Q: How would you migrate ML workloads from EC2 instances to Kubernetes?
A: Eight-step migration. First, containerize: wrap each ML workload in a Docker image with all dependencies. Test locally. Second, create Kubernetes manifests: define Job specs for training, Deployment specs for serving - start with equivalent resource requests to the EC2 instances. Third, set up GPU nodes: create a GPU node pool with taints and labels. Install NVIDIA device plugin. Verify GPU visibility. Fourth, migrate serving first: serving workloads are more predictable. Deploy one model, verify predictions match the EC2 version, then cut traffic over.
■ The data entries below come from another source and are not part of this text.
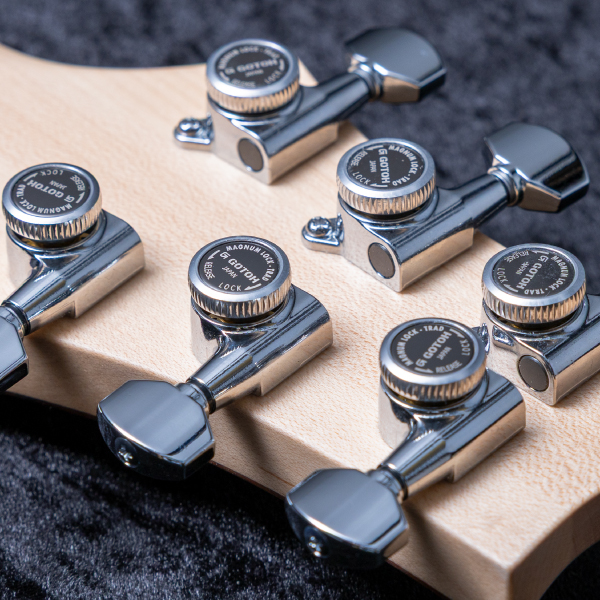 Astrum Guitars Aries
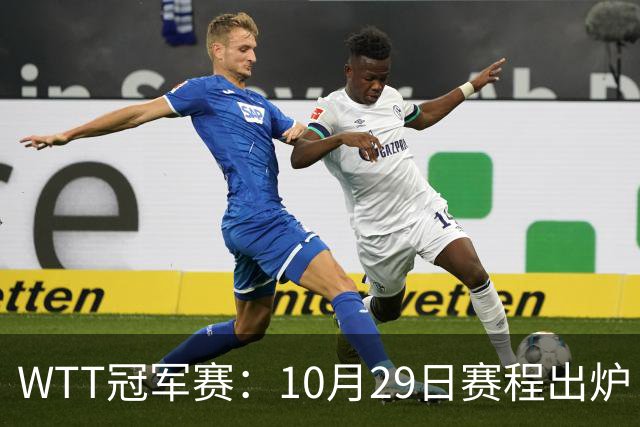 WTT冠军赛：10月29日赛程出炉！国乒对决世界冠军，两大主力内战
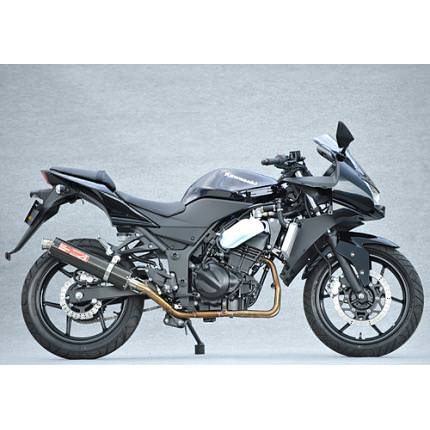 SPEC-A ステンレスマフラー2-1 カーボンサイレンサー YAMAMOTO（ヤマモトレーシング） Ninja250R（ニンジャ）08年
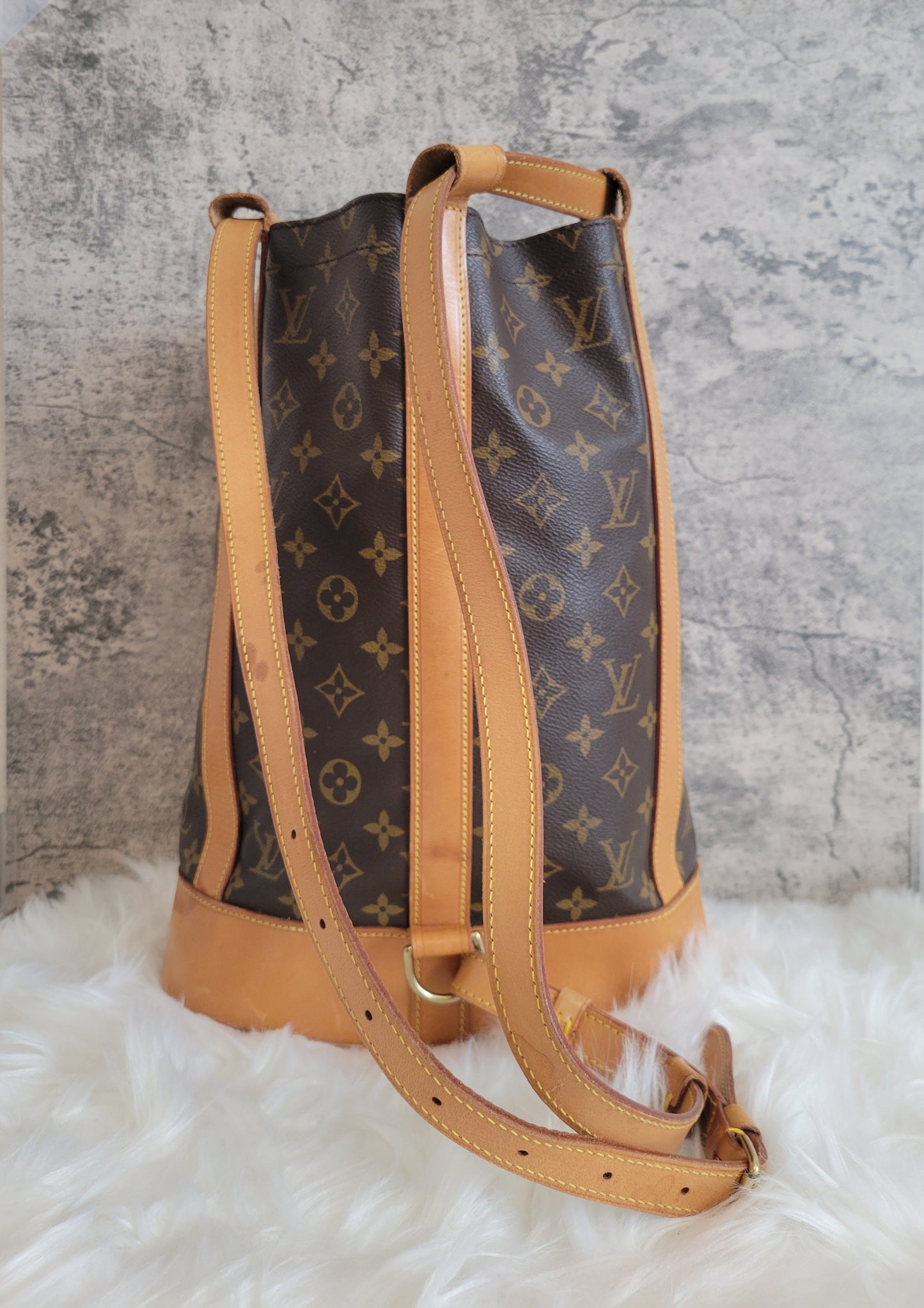 Louis Vuitton Randonnee PM Bag / Backpack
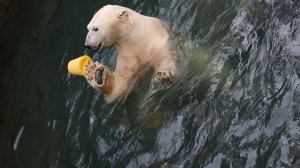 Кай играет с любимой пробкой.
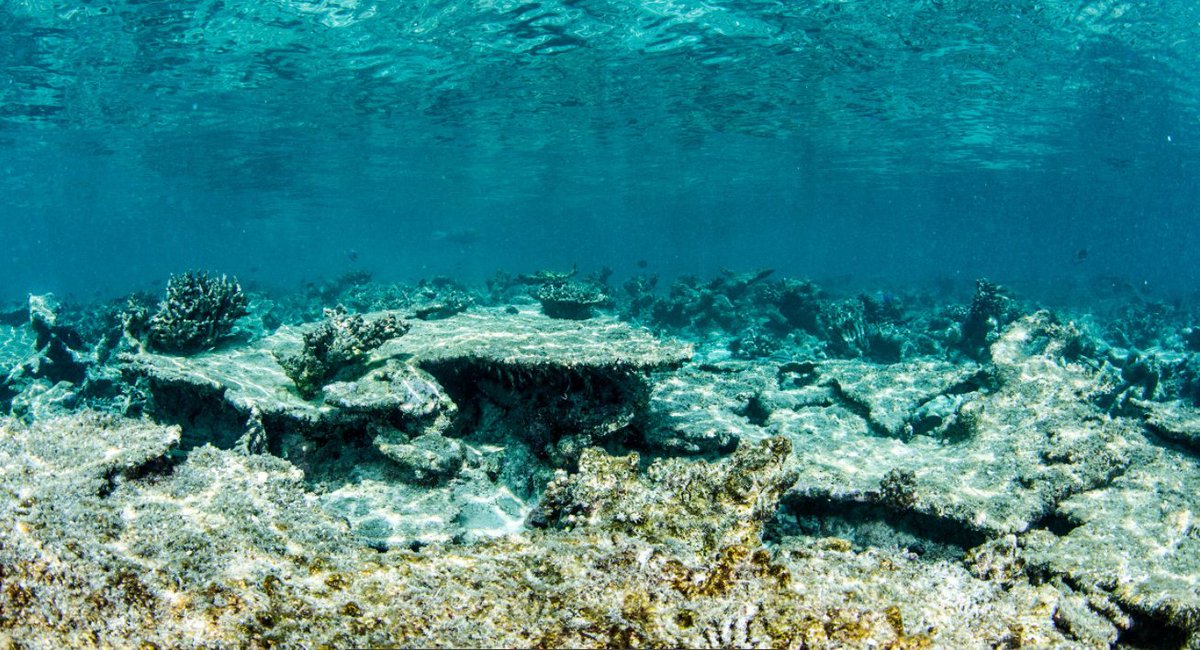 #UQ researchers are working to  stabilise 'reef rubble' to speed up recovery. via <a href="/abcnews/">ABC News</a> <a href="/petemumby/">Peter Mumby</a> <a href="/TaniaKenyon/">Dr. Tania Kenyon</a> <a href="/ISC/">International Science Council</a> @GBRFoundation <a href="/aims_gov_au/">Australian Institute of Marine Science</a> @UQScience @envirogov #RRAP #ReefTrust #unlockingscience
abc.net.au/news/2021-12-0…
Fifth, migrate training: start with non-critical experiments. Validate that checkpoints are saved correctly to shared storage. Sixth, implement autoscaling: GPU node pool autoscaler, HPA on serving deployments. Seventh, clean up EC2 instances: after 2 weeks of successful K8s operation, terminate the corresponding EC2 instances. Eighth, optimize: measure GPU utilization; use this data to right-size resource requests and identify opportunities for bin-packing.
Q: What is the role of PersistentVolumeClaims in ML workloads on Kubernetes?
A: PVCs provide persistent storage that outlives individual pods - essential for ML because model checkpoints and training data must survive pod restarts and rescheduling. Three main uses: (1) shared training data: a ReadOnlyMany PVC backed by EFS (or similar NFS) allows multiple training pods to read the same dataset simultaneously without data transfer overhead; (2) checkpoint storage: a ReadWriteOnce PVC for a training job to write checkpoints - when the job is interrupted and rescheduled, it can resume from the checkpoint; (3) model artifacts: serving pods need to load model weights at startup, either from a PVC (faster, if on fast storage) or from S3 (slower but simpler). A common pattern: store large datasets on S3, cache to local node storage via an init container before training starts, and write checkpoints to both local PVC (fast) and S3 (durable).